Today, I was accosted at my gate by some government officials, who said that they were from the Ministry of Gender, Children and Social Development. They explained that while I have usually seen them around the neighbourhood under the auspices the polio campaign, which is a collaboration between their ministry, Ministry of Health and others, today they had come on a national security agenda. They had come under the auspices of the “Nyumba Kumi” campaign.

The government, I was informed, wanted to know who lives in which house in my neighbourhood. I was presented with a kasuku exercise book, upon which I was to write the name, ID number, whether I am a tenant or owner at my residence, when I moved in. Every adult in my house was required to fill these details.
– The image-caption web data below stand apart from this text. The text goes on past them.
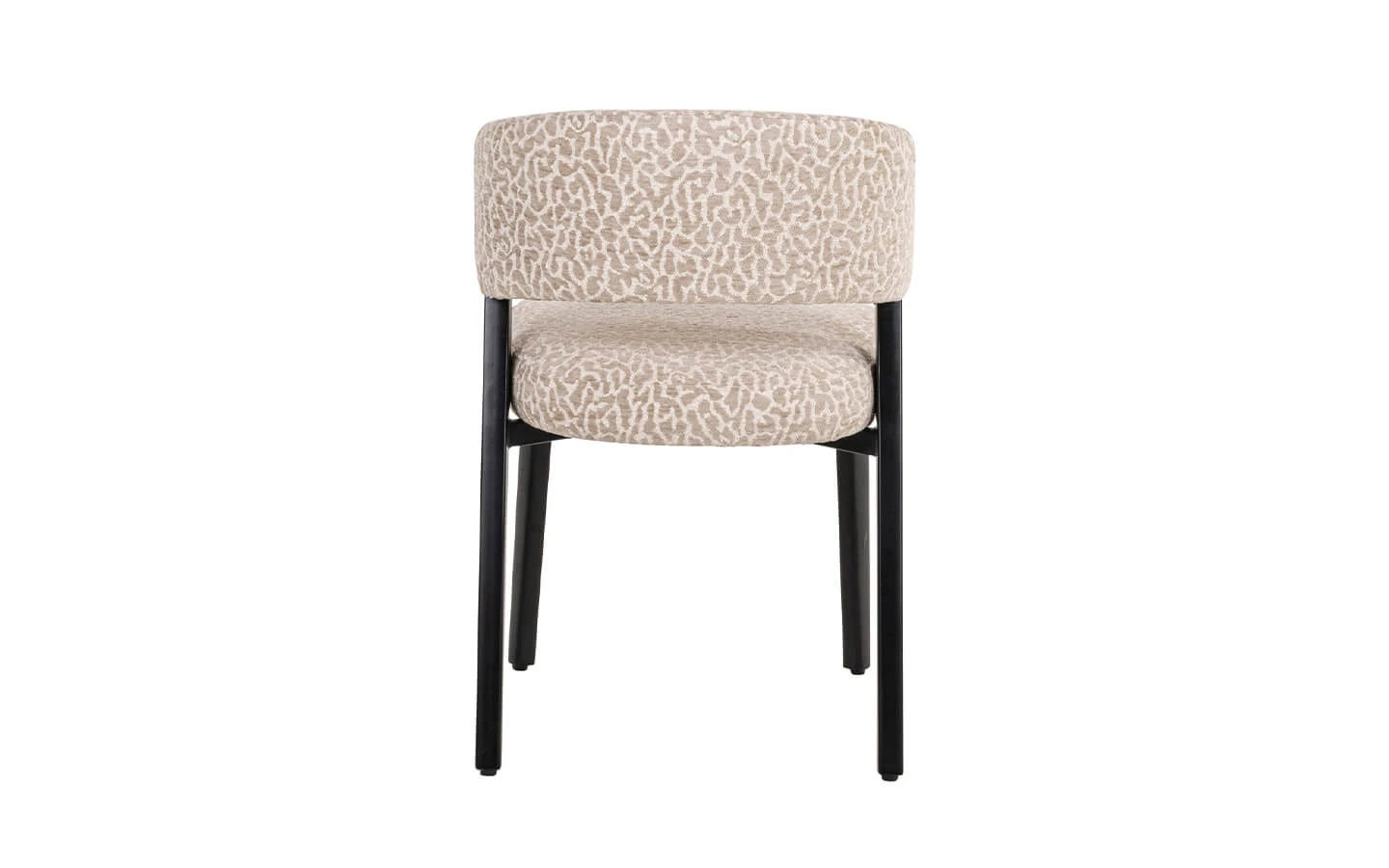 Стол ZENO BEIGE LEOPARD Richmond - 4 - stolbg.com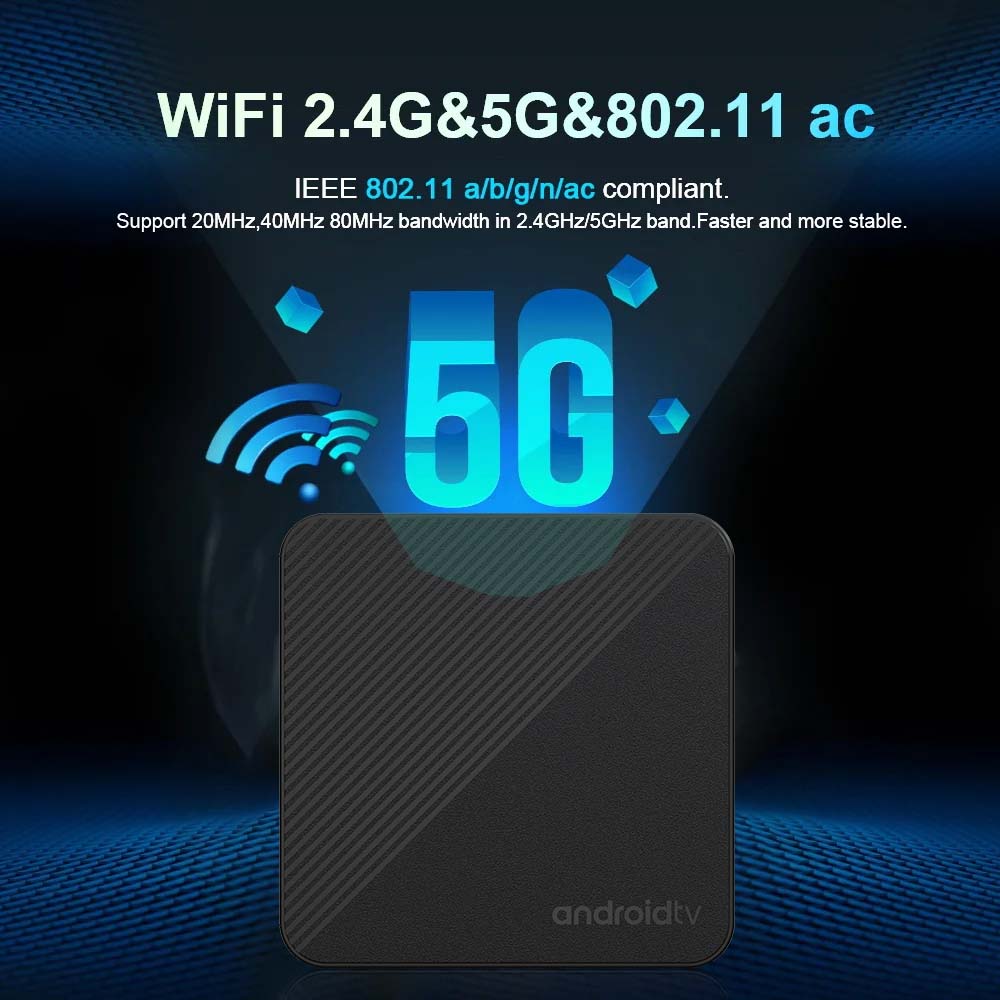 Android14 TV Box Smart Home th - Smart Home Plus reseña y precio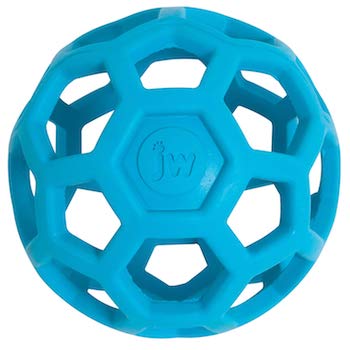 JW Hol-ee Roller Original Treat Dispensing Dog Ball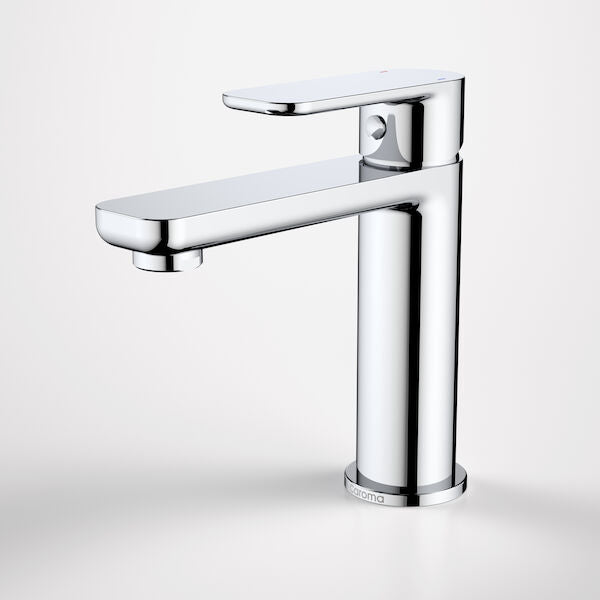 Caroma Luna Basin Mixer - Chrome - Lead Free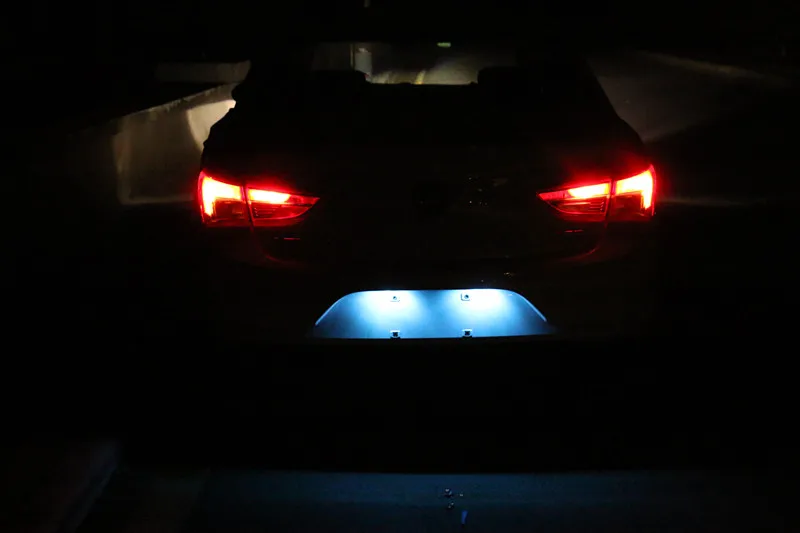2шт 31 мм Led DE3175 светильник, Внутренняя купольная карта, накладная лампа, лампа для Honda Accord Civic CR-Z CR-V Pilot Ridgeline Prelude Fit - Испускаемый цвет: 36mm ice blue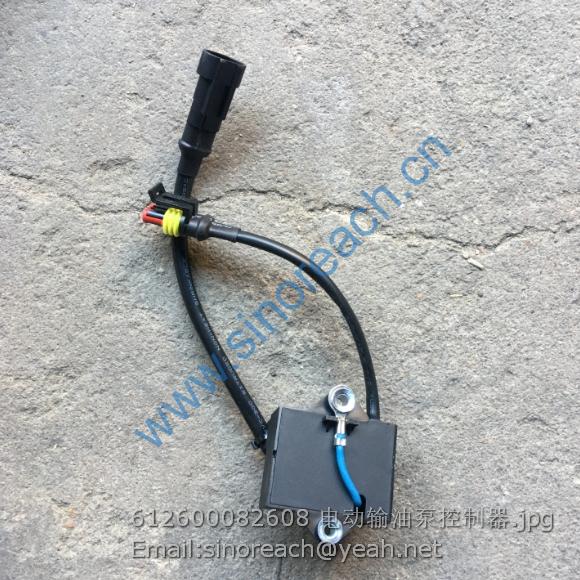 612600082608 电动输油泵控制器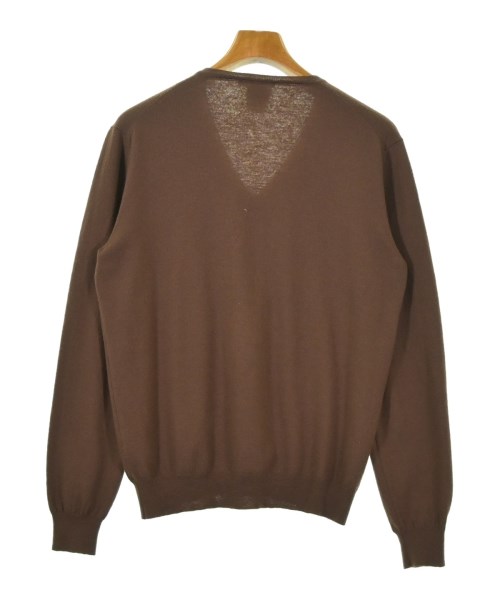 GUCCI（グッチ）カーディガン 茶 サイズ:XL メンズ/2200716784012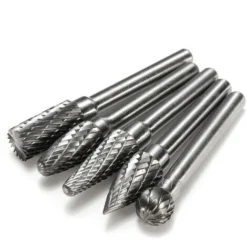 MAEREX 5X 1/4'' Fraise Rotative CNC pour Gravure et Défonceuse - Sasicare -Toupie Soldes 19472245 3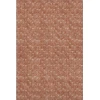 Addison Mayfield Orange AMF514 - 8ft. Round Rug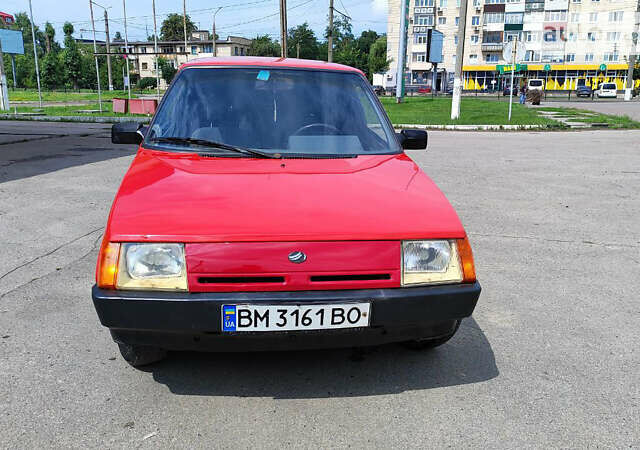 Червоний ЗАЗ 1102 Таврия-Нова, об'ємом двигуна 1.2 л та пробігом 146 тис. км за 950 $, фото 36 на Automoto.ua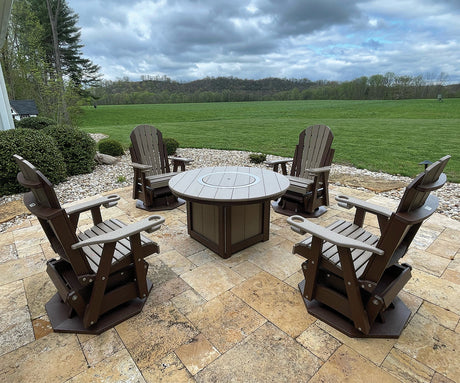 Amish Polywood Furniture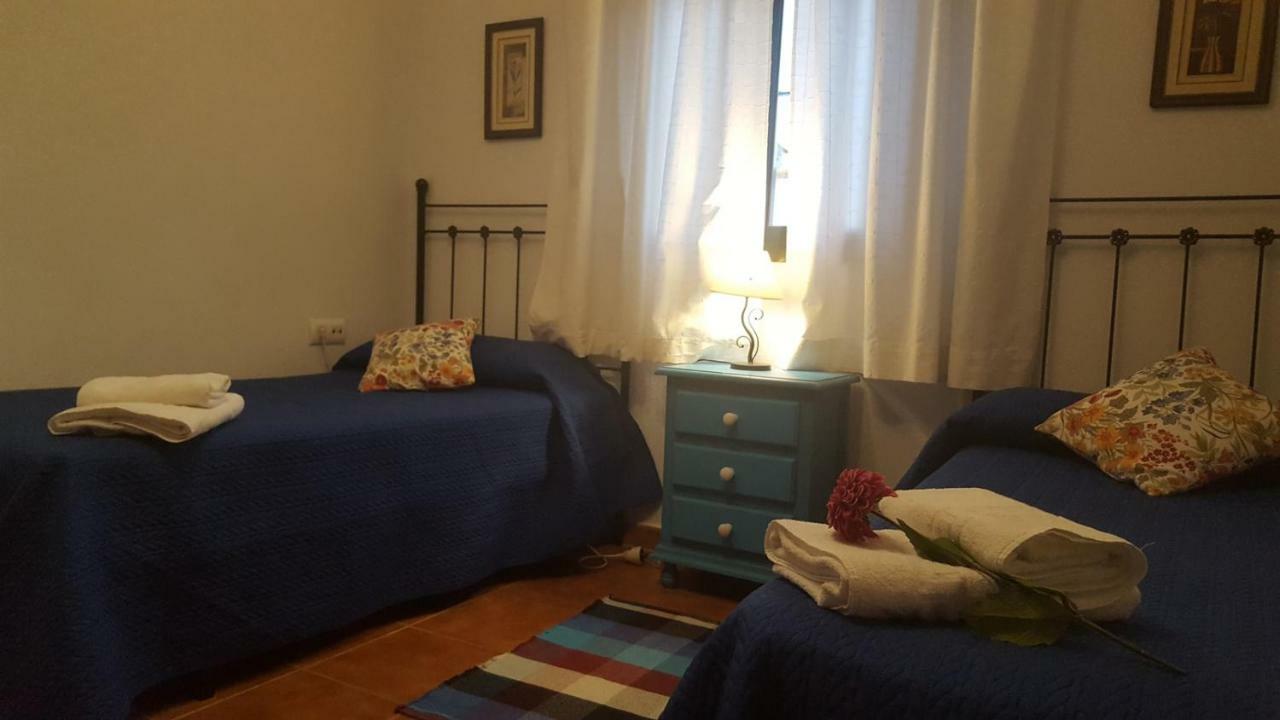 Chalet Las Adelfas Chaparrillo Conil de la Frontera Kültér fotó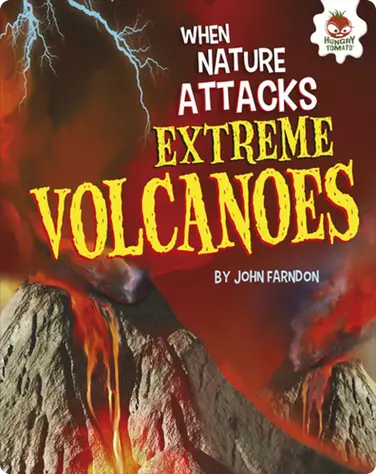 Extreme Volcanoes book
“When the details are placed in the computer, the government will be able to know who lives where and we can start to track the terrorists,” Syokau – a middle aged government officer told me. “In fact, we have to come with police to that house over there because the Somalis there have refused to open the gate and fill the form.”

I was hesitant to fill the form and even when I did reluctantly comply, I did subversively hold back some detail. For example, I only gave the initial of my first name rather than all of them. I had – and still have – nagging worries about the sanctity of my privacy not sure that I wanted to give “big brother” any of my details. I also worry about unscrupulous characters getting my details. But mostly its about my privacy.

My discomfort increases when I hear that the government and Kenya’s most profitable company (Kshs. 23 Billion profits!), Safaricom has landed a Kshs 14 Billion deal to build a security communications system that includes CCTVs with facial analysis and more. Sitting in the shadows of Big Brother, I feel more threatened that protected.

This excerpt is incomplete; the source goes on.